I’m kidding. I rarely if ever get anywhere close to this point. When I am dealing with people who consider anyone in government or media reliable, I am in effect talking to retards—people who say, “I trust the science!” but won’t learn any science whatsoever and are proudly hostile in their cluelessness; people who believe that filing a VAERS report is no different than signing a Change.org petition and that VAERS data is meaningless, something only fools refer to despite the U.S. healthcare system having invented it specifically to detect problems in vaccines while controlling for background noise.
I am no medical expert, but many of the same people who used to ask me to decipher or debunk media reporting about illnesses and medications now prefer to trust proven, paid liars like Rachel Maddow.
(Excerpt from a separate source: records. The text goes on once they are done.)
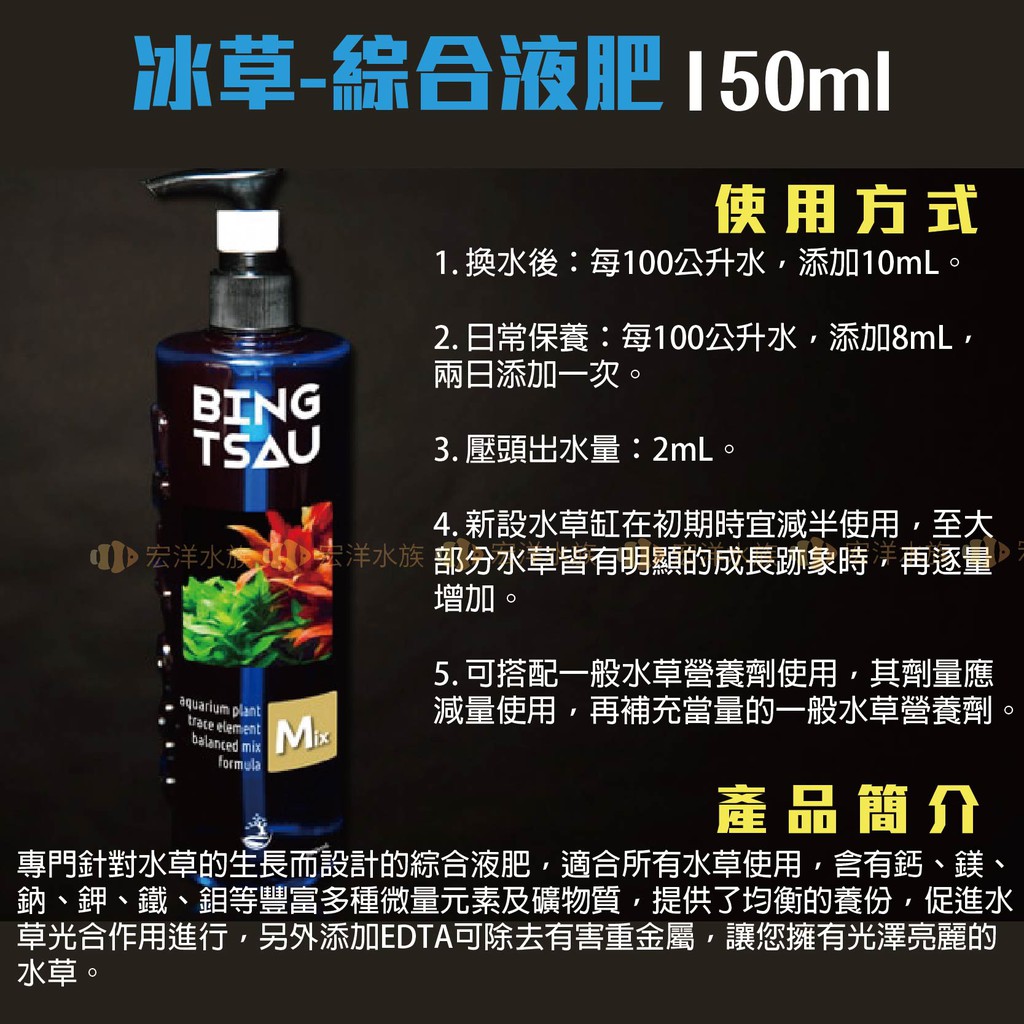淞亮 冰草v2 綜合液肥 專門針對水草的生長設計的綜合液肥 適合所有水草使用提供均衡的養份 水草液肥 水肥鉀肥 蝦皮購物
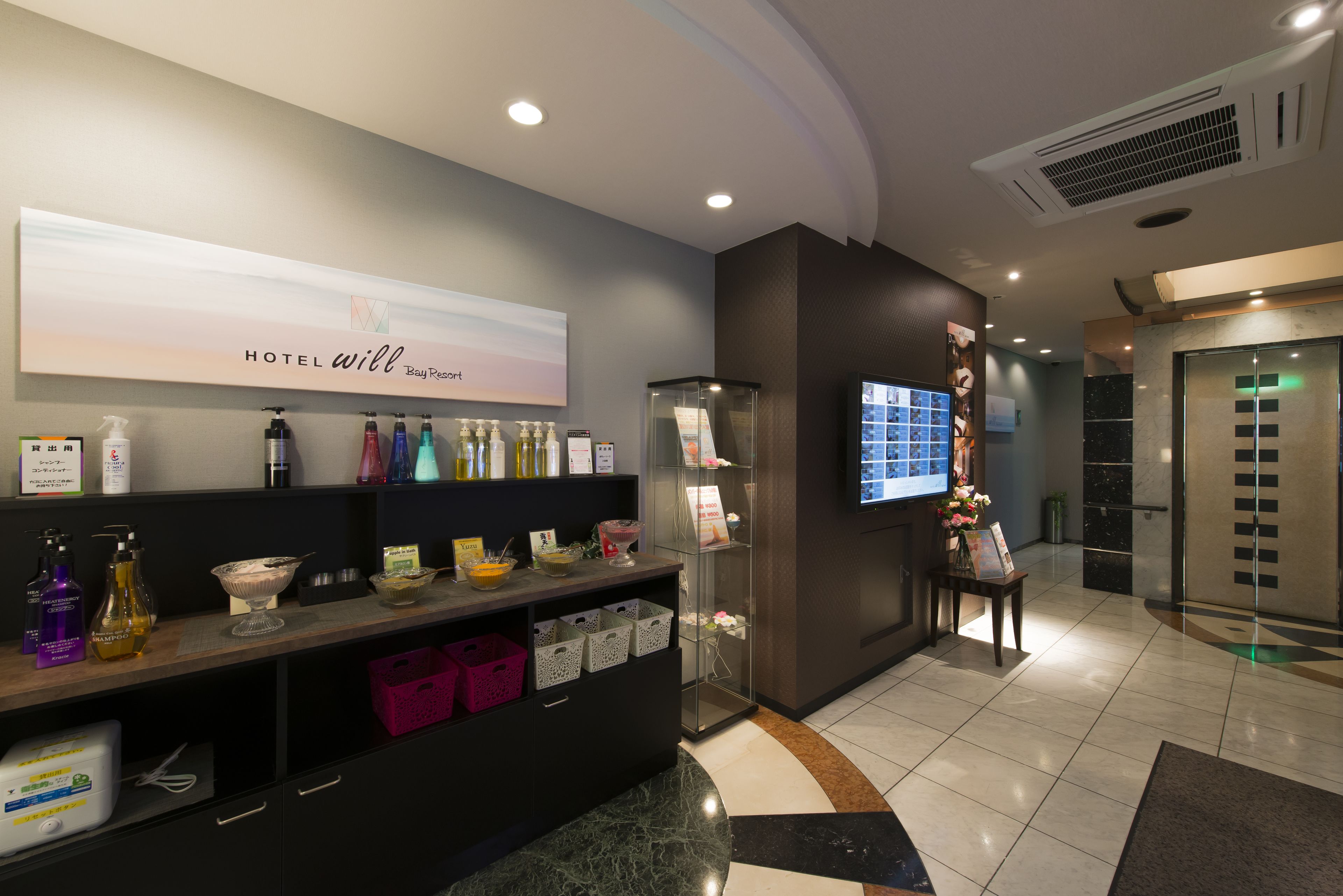 Will Bay Resort Funabashi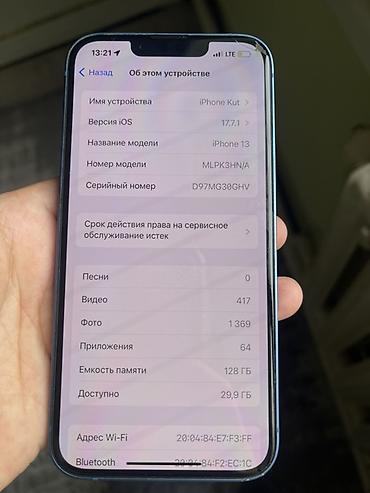 Apple iPhone: IPhone 13, Б/у, 128 ГБ, Синий, Зарядное устройство, Чехол, Коробка, 78 % — 1
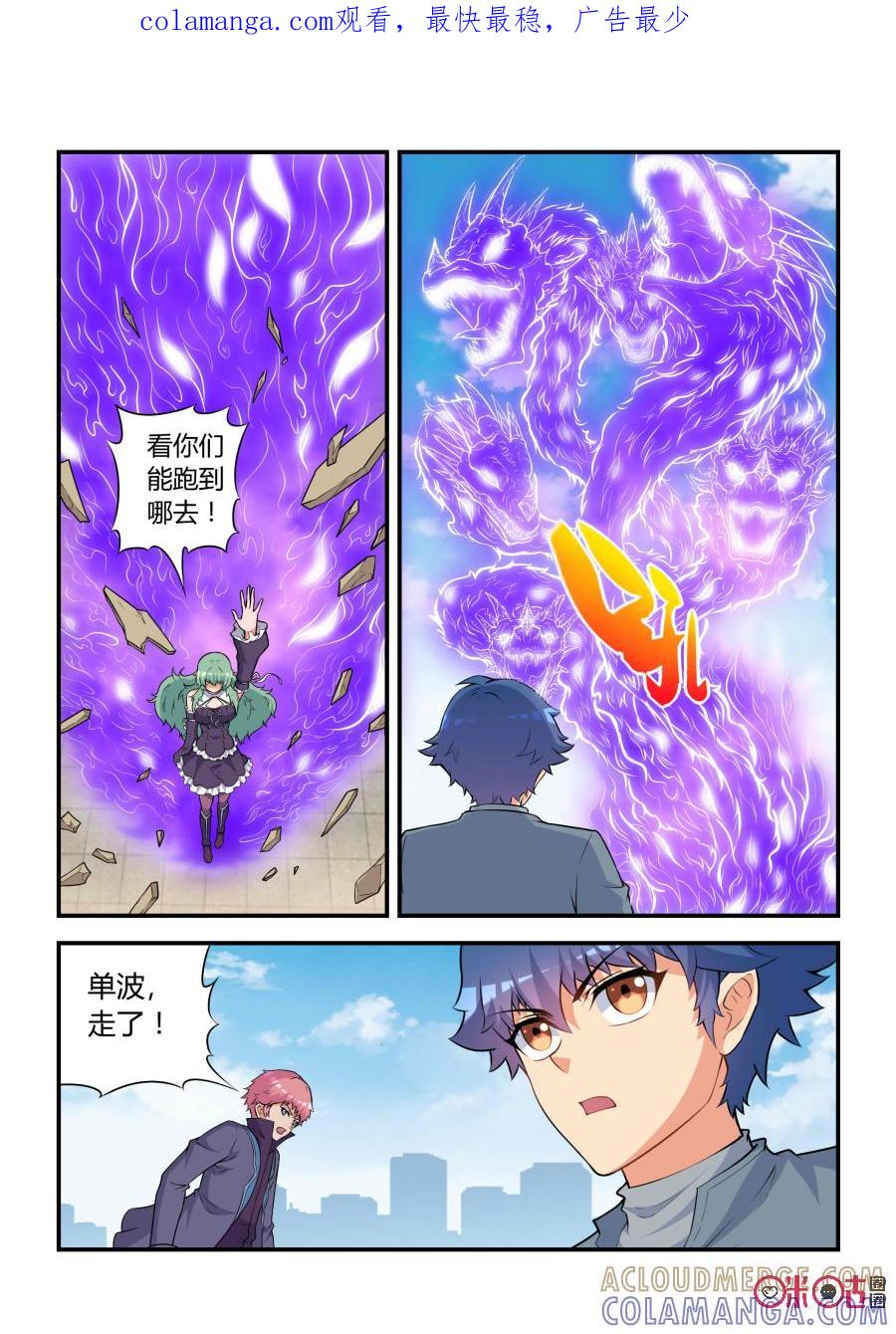 第64话：妖王崛起(下)-死亡临界点-E画社（第1张）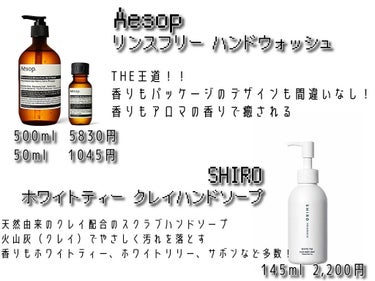 アンドラム アロマティック ハンドウォッシュ/Aesop/ハンドソープを使ったクチコミ（2枚目）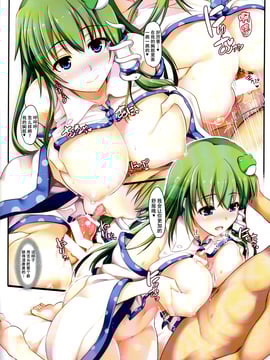 【CE幻想夏结社】[しもやけ堂+逢魔刻壱]早苗さんと性的過ぎる夜の生活（東方Project）_CE_1020_009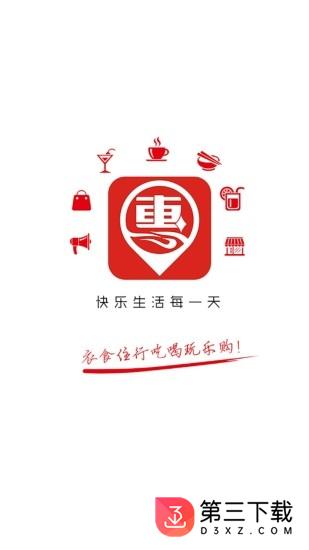 灵石惠民商城app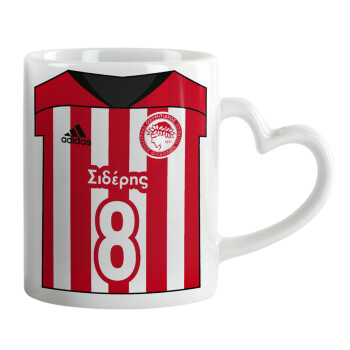 Ολυμπιακός εμφάνιση, Κούπα καρδιά χερούλι λευκή, κεραμική, 330ml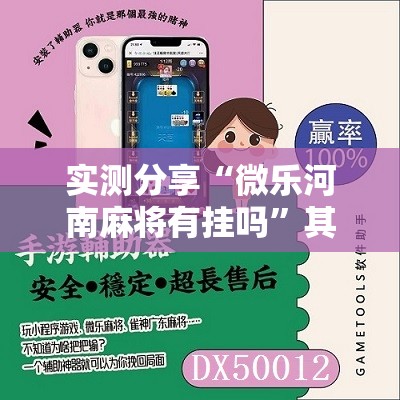 实测分享“微乐河南麻将有挂吗”其实确实有挂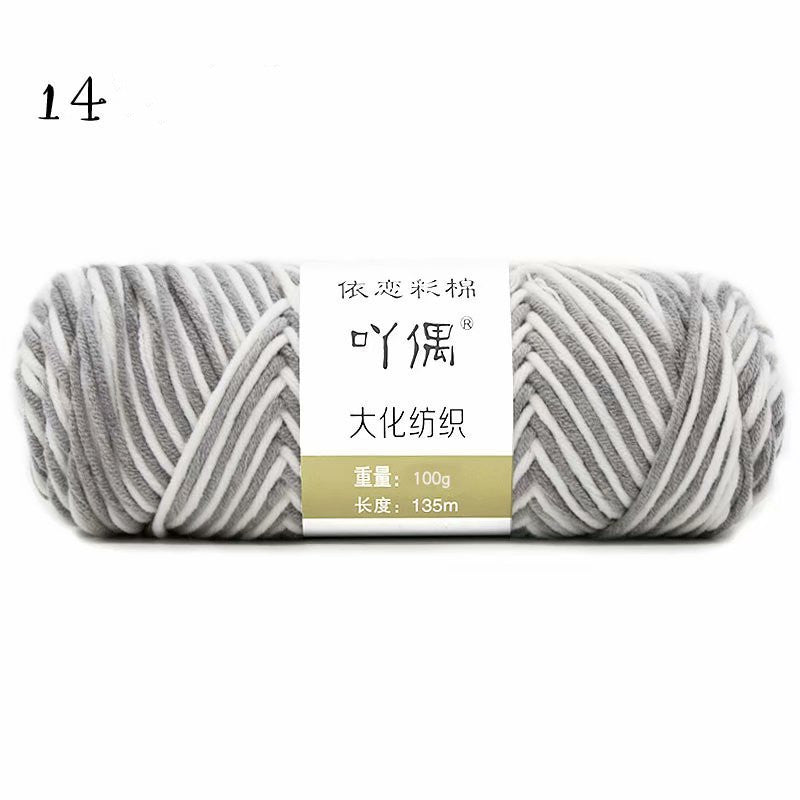 Gradient Milk Cotton Yarn – 8 Strands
Why, I will perhaps never know, because if I was ever reliable in this area, that hasn’t changed.
Something in the world at large may have changed, though.
These people are deluded or lost altogether—on this, the nature and progress of the Ukraine war, the fraud-powered digital economy, rampant inner-city crime driven largely by the machinations of BLM, the impending shrinkage of the pool of Medicaid recipients, BlackRock et al. buying up U.S. homes at furious rates solely to rent them out at unaffordable prices, the orchestrated etiology of recent mass shootings (and the nationwide bail reduction for—and decarceration of—violent criminals), the parafaggotries and metaperversities pervading the country’s learning-free public schools (and the associated derogation of normal gay and trans people), anti-feminist “feminists,” racist “anti-racists,” mentally and morally compromised public intellectuals and media darlings, institutionalized anti-Asian discrimination, Justin Trudeau’s unannounced but obvious gender transition, the American government’s preening and categorical indifference to it all; everything—and I am tempted to despise rather than pity them or appeal to them in any way.
But that doesn’t help. I hate the major players and the entire game, but not the NPC enablers. We’re all just maneuverable, vaguely cognizant meat.
We could, however, at least start yelling at the right people in greater numbers instead of at each other.
Anyway, I wanted to write this as soon as I recognized where my mild anxiety over that late-March post was coming from, but I’ve been distracted by too many other things, some in the blogging pipeline, others aimed at trying to escape the inertia flourishing in most crannies of my life even if I can barely justify trying. But no matter how harshly I frame my contentions, very rarely am I trying to convey “This is how things are” over “This is what I believe and how I got here.”
Two men stand in front of a watermelon patch, late at night, from which a third has recently fled.
Two pairs of brogans went along the rows.
You ain't goin to believe this.
Knowin' you for a born liar I most probably wont.
Somebody has been fuckin' my watermelons.
What?
I said somebody has been...
No. No. Hell no. Damn if you aint got a warped mind.
I'm tellin' you...
I don't want to hear it.
Looky here.
They went along the outer row of the melonpatch. He stopped to nudge a melon with his toe. Yellowjackets snarled in the seepage. Some were ruined a good time past and lay soft with rot, wrinkled with imminent collapse.
It does look like it, dont it?
I'm tellin ye I seen him. I didnt know what the hell was goin on when he dropped his drawers. Then when I seen what he was up to I still didnt believe it. But yonder he lay.
What do you aim to do?
Hell, I dont know. It's about too late to do anything. He's damn near screwed the whole patch. I don't see what he couldn't of stuck to just one. Or a few.
Well, I guess he takes himself for a lover. Sort of like a sailer in a whorehouse.